MATERIAL SHOWN section start
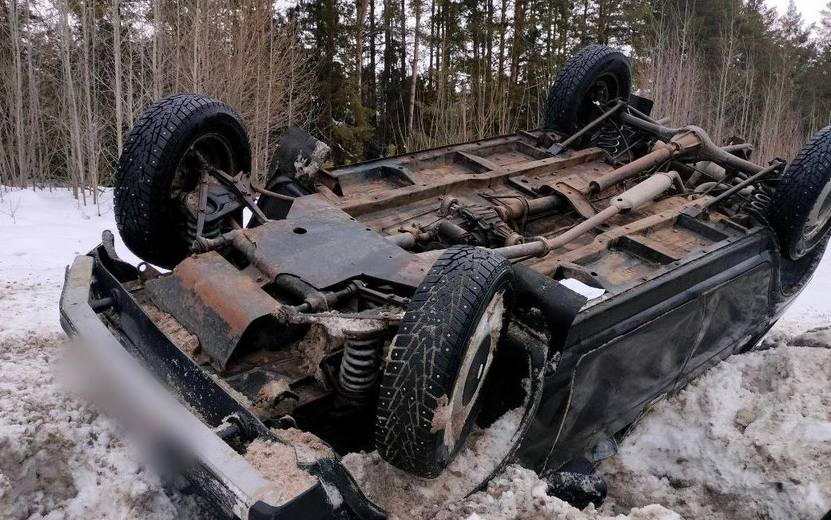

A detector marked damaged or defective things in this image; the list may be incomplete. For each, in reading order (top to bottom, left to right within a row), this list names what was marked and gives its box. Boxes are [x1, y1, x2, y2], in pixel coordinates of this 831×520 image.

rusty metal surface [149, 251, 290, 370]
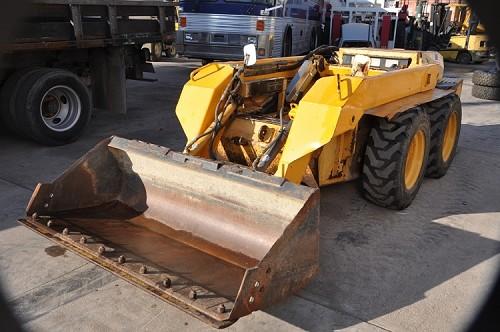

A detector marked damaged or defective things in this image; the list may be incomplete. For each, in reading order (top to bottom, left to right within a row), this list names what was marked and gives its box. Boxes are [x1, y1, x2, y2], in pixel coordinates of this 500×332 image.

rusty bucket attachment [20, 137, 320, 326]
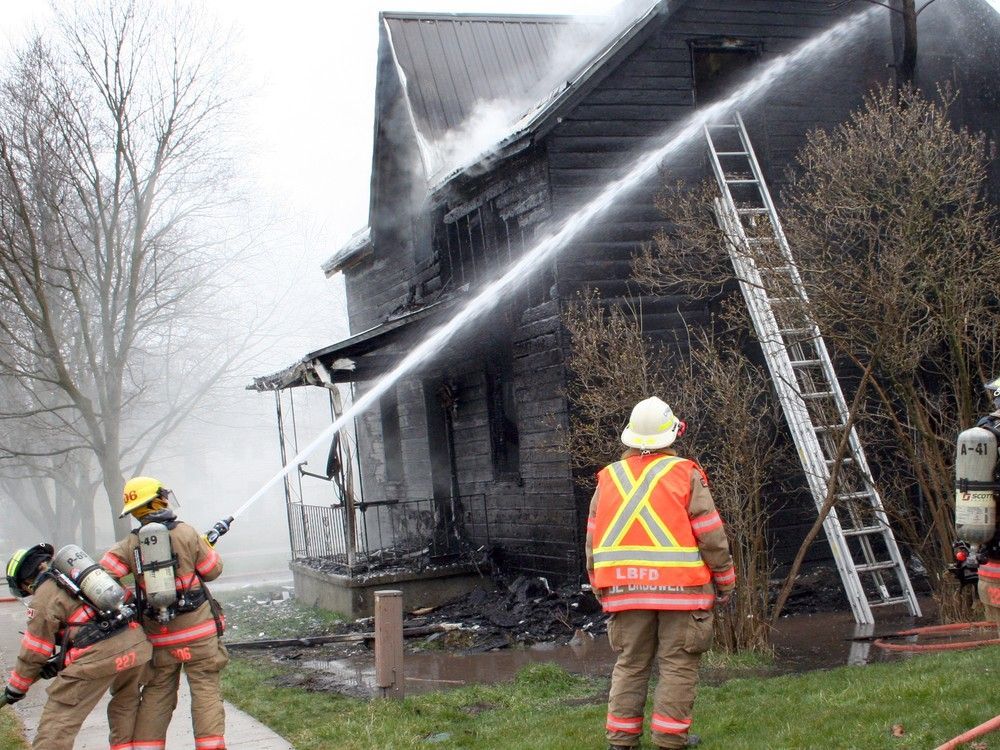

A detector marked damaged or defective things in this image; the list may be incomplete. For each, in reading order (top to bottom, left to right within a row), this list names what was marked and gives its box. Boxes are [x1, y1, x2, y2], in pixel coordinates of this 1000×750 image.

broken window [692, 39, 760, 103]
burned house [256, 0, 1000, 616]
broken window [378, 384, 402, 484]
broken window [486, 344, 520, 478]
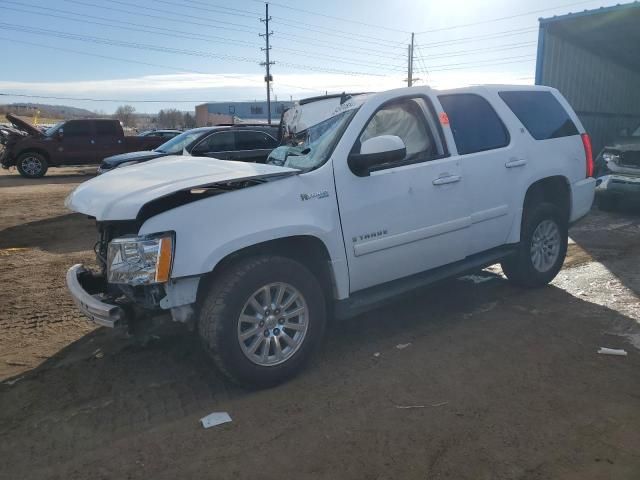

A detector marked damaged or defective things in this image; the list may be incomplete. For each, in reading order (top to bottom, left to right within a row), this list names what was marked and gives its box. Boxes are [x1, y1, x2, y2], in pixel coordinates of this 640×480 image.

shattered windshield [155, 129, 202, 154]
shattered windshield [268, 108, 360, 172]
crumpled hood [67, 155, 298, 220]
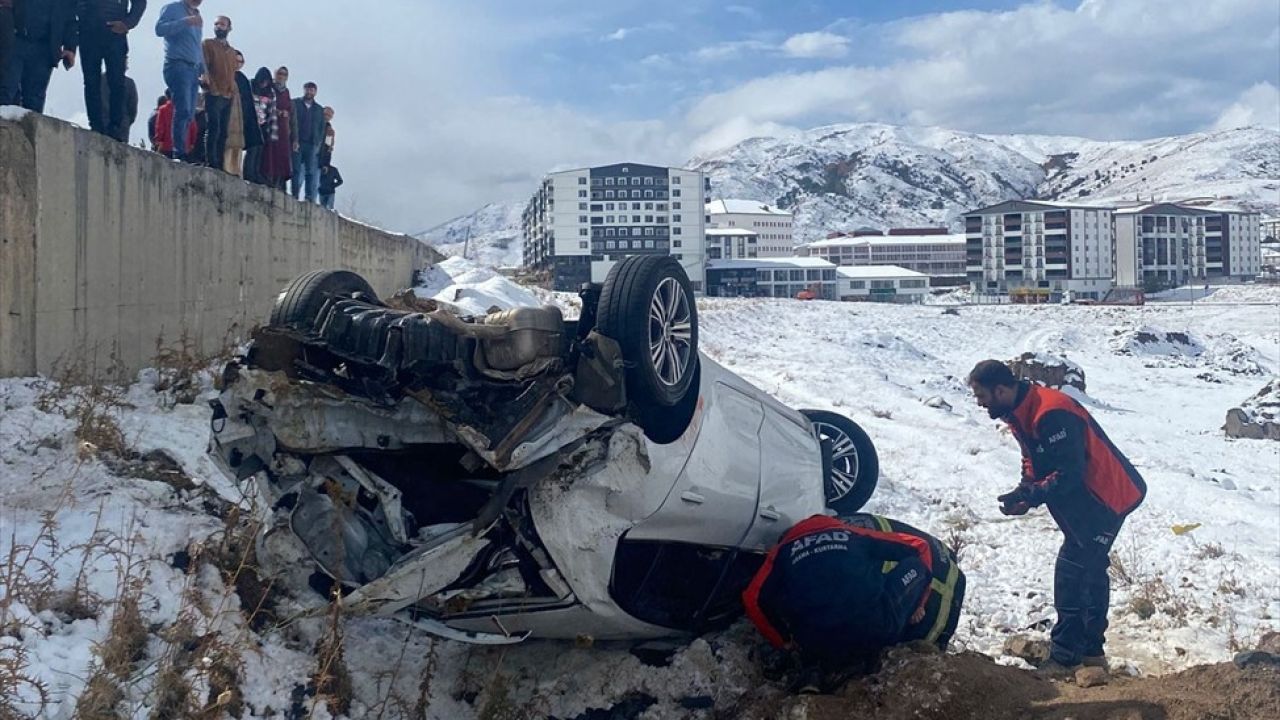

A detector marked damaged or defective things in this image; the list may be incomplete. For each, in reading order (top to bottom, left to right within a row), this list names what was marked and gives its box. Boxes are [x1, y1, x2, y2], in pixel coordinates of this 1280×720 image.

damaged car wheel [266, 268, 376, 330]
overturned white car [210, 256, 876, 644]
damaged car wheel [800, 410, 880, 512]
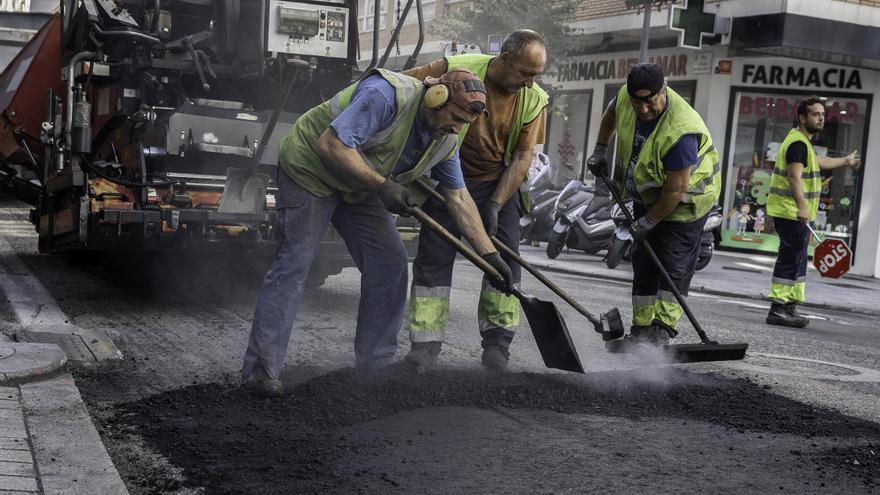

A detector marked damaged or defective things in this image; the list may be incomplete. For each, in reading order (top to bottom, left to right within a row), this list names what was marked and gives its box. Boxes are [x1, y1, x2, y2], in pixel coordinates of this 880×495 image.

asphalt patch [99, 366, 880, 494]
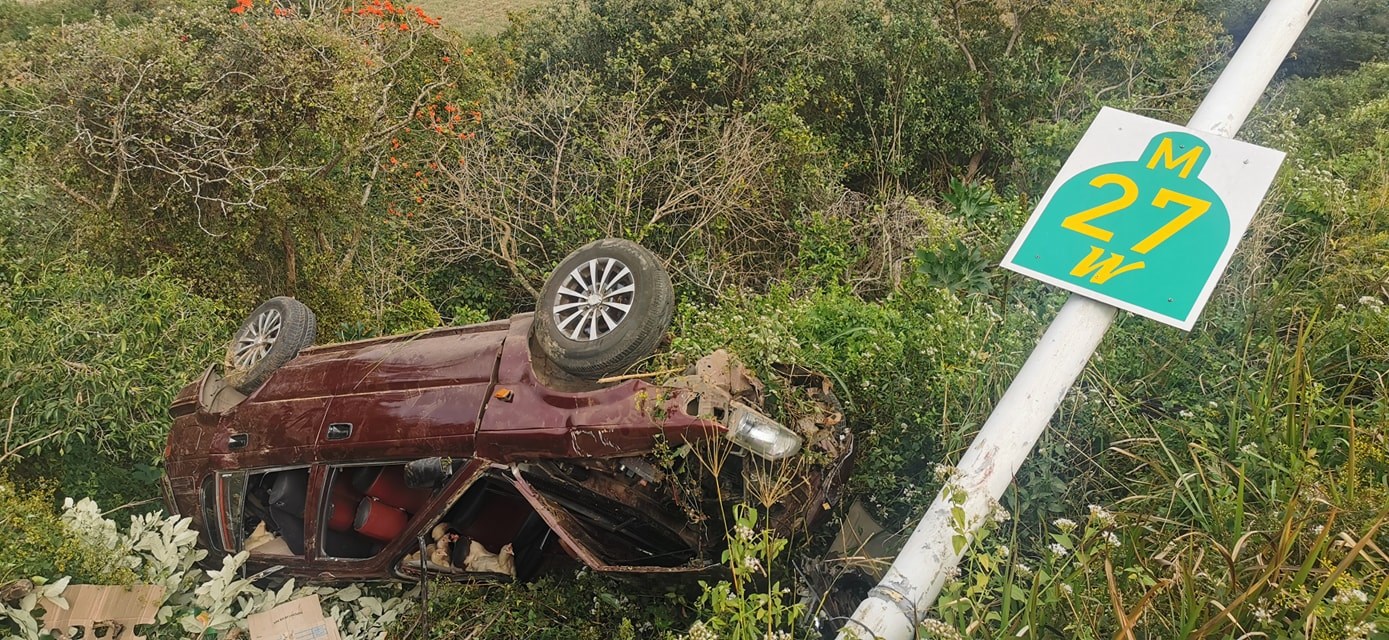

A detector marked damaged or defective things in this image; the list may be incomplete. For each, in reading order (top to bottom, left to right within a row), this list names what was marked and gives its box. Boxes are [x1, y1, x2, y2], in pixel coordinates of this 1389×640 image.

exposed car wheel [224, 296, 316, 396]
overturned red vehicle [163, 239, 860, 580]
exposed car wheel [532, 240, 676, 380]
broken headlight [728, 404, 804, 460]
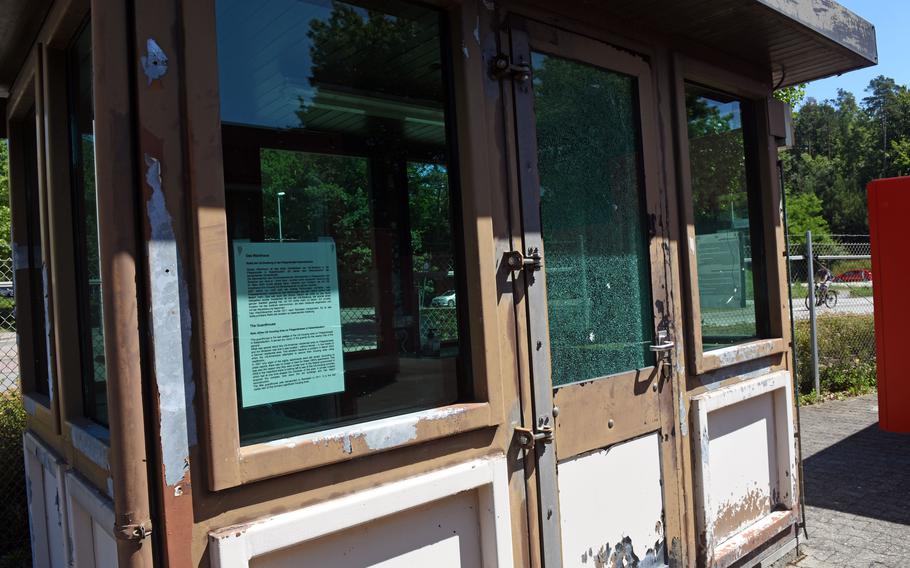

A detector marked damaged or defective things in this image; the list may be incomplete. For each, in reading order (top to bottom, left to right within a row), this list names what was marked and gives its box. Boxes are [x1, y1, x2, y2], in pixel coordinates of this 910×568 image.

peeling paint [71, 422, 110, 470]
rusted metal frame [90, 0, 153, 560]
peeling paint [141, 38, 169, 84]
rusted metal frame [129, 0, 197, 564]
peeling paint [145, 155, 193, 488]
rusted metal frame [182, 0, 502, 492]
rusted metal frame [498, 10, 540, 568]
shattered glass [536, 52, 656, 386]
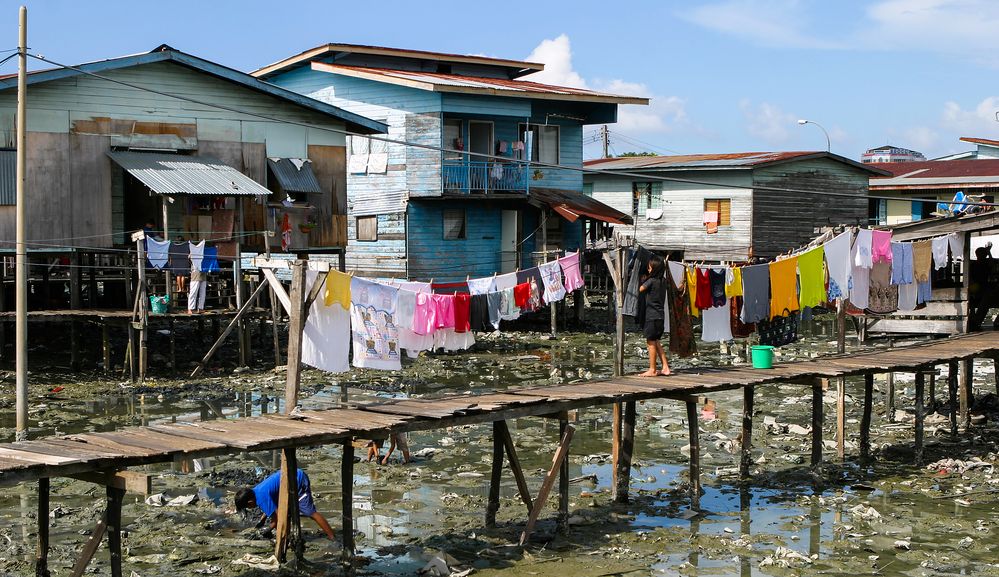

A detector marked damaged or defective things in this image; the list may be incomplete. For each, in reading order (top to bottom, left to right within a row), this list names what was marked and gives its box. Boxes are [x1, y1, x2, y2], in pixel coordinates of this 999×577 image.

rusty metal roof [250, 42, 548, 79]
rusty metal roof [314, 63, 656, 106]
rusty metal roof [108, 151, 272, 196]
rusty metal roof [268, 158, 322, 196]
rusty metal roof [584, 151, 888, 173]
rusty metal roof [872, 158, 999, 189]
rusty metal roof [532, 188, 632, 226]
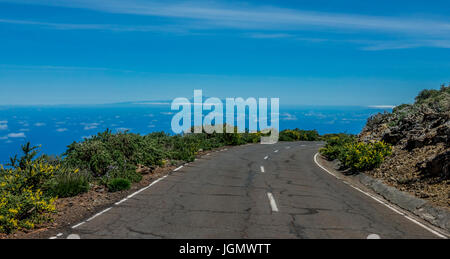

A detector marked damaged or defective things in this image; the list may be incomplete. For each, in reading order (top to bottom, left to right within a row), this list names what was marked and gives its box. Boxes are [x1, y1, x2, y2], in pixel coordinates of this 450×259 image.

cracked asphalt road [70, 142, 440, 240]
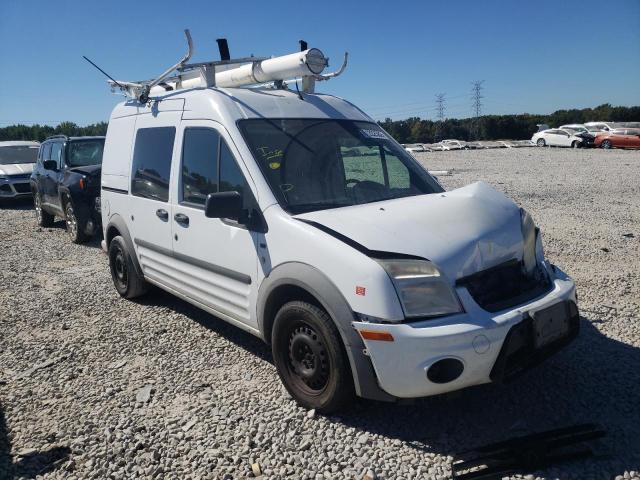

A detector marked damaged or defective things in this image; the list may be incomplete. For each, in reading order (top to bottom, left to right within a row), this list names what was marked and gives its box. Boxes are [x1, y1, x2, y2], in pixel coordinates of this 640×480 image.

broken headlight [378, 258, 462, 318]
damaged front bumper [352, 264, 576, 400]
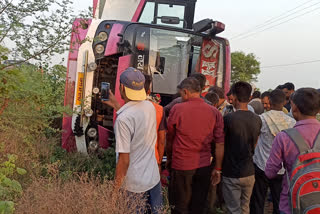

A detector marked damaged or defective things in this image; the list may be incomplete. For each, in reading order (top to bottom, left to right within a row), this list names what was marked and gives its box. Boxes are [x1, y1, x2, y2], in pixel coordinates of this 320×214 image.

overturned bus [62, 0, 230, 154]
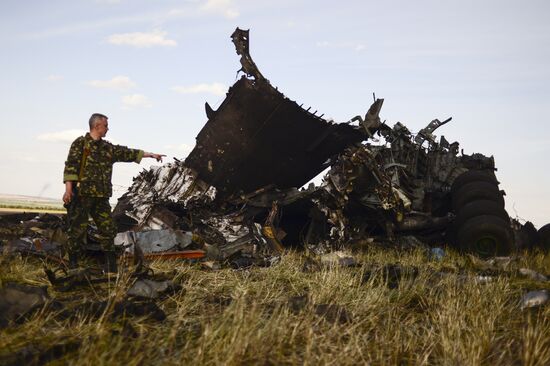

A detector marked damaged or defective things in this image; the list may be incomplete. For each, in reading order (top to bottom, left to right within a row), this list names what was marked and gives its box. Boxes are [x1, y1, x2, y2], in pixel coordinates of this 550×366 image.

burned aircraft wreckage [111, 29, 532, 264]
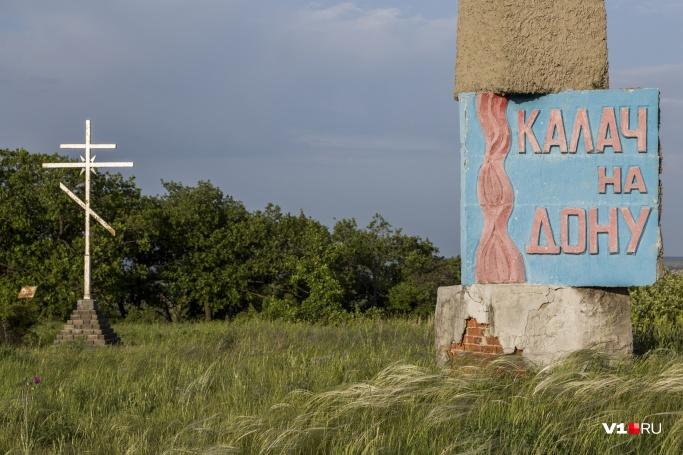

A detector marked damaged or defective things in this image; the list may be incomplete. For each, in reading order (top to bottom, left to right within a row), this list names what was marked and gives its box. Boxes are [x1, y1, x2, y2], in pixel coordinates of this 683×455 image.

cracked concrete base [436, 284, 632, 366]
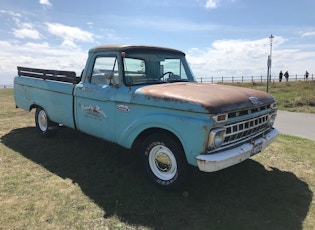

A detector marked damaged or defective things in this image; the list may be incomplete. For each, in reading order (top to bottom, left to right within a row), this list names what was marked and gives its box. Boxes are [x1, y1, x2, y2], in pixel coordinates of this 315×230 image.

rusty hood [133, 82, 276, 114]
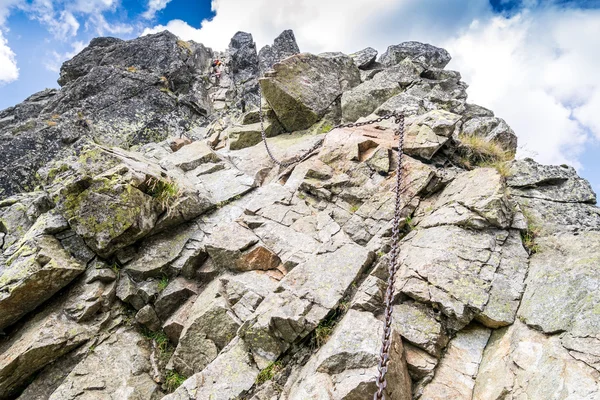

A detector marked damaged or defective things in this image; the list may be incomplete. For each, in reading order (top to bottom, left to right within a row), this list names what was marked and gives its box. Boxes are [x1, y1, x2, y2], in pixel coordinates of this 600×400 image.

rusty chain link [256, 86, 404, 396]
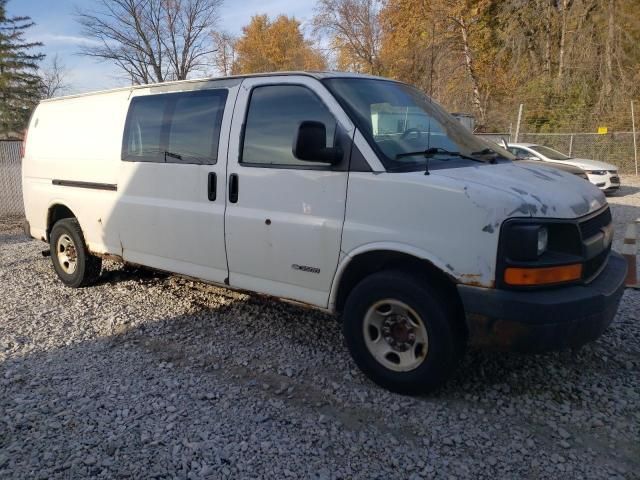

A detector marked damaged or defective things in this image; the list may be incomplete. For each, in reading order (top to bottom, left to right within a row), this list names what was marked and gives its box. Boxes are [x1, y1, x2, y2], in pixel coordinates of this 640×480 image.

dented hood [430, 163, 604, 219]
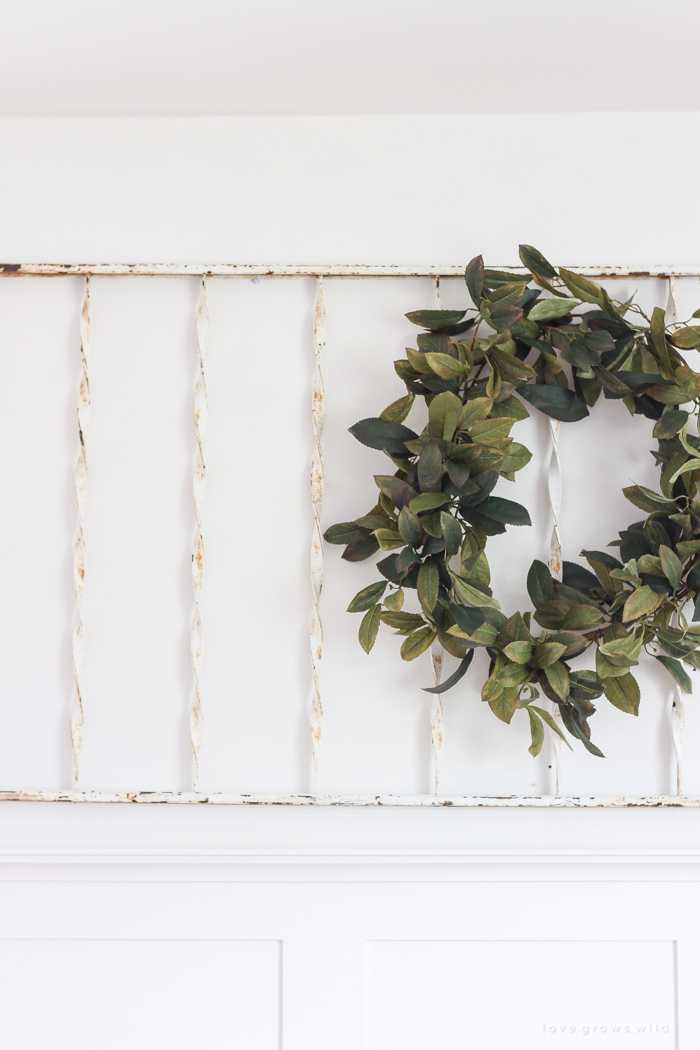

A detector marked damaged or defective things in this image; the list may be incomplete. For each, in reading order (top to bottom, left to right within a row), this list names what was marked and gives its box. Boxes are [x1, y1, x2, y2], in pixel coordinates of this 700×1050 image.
MATERIAL SHOWN section end
### WHAT IS NEEDED
Pictures aside, set down the lines from the one containing "this 315×230 image." through the end of the records above, exactly and only those.

### TASK RESPONSE
A detector marked damaged or defective things in this image; the list may be incomplete. For each, in reading order (top to bottom, left to right within a row), this list names what was marked and gives its box. Boxes are [x1, y1, x2, y2], in pixel coordinates of this 315×230 image.

rusty hood [133, 82, 276, 114]

A detector marked damaged or defective things in this image; the list may be incomplete. For each, in reading order (top to bottom, left to right within a row), this list names what was marked and gives its box. Boxes are [x1, y1, x2, y2], in pixel coordinates of this 600×400 image.

rusty chain link [256, 86, 404, 396]

A detector marked damaged or defective things in this image; the list may be incomplete. For each, in reading order (top to bottom, left to right within a row), this list names what was marked and gives its box. Boxes are [x1, y1, x2, y2], in pixel coordinates of this 640×480 image.

dented hood [430, 163, 604, 219]

A detector marked damaged or defective things in this image; the list may be incomplete. For each, in reading order (top to bottom, left to right within a row), this list names what was marked and gives its box. Boxes are [x1, y1, x2, y2], in pixel coordinates of this 700×1050 image.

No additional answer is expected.